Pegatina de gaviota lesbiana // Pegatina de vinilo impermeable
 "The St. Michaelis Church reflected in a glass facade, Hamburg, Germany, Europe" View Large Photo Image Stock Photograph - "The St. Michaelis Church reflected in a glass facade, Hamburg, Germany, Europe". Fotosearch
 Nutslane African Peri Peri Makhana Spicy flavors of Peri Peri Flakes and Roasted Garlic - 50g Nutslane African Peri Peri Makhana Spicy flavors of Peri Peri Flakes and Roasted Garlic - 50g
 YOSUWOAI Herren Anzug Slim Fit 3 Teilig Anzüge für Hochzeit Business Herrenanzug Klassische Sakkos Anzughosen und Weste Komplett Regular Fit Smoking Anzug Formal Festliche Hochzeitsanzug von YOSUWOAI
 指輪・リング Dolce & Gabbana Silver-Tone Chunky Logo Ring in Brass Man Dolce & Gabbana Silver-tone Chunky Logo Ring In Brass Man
--------------------
→ **WORK REQUEST**:
Take the lines from the top of the data through the one that contains "- 50g Nutslane" and copy them exactly, leaving out every line after it.

→ **EXERCISE ANSWER**:
Pegatina de gaviota lesbiana // Pegatina de vinilo impermeable
 "The St. Michaelis Church reflected in a glass facade, Hamburg, Germany, Europe" View Large Photo Image Stock Photograph - "The St. Michaelis Church reflected in a glass facade, Hamburg, Germany, Europe". Fotosearch
 Nutslane African Peri Peri Makhana Spicy flavors of Peri Peri Flakes and Roasted Garlic - 50g Nutslane African Peri Peri Makhana Spicy flavors of Peri Peri Flakes and Roasted Garlic - 50g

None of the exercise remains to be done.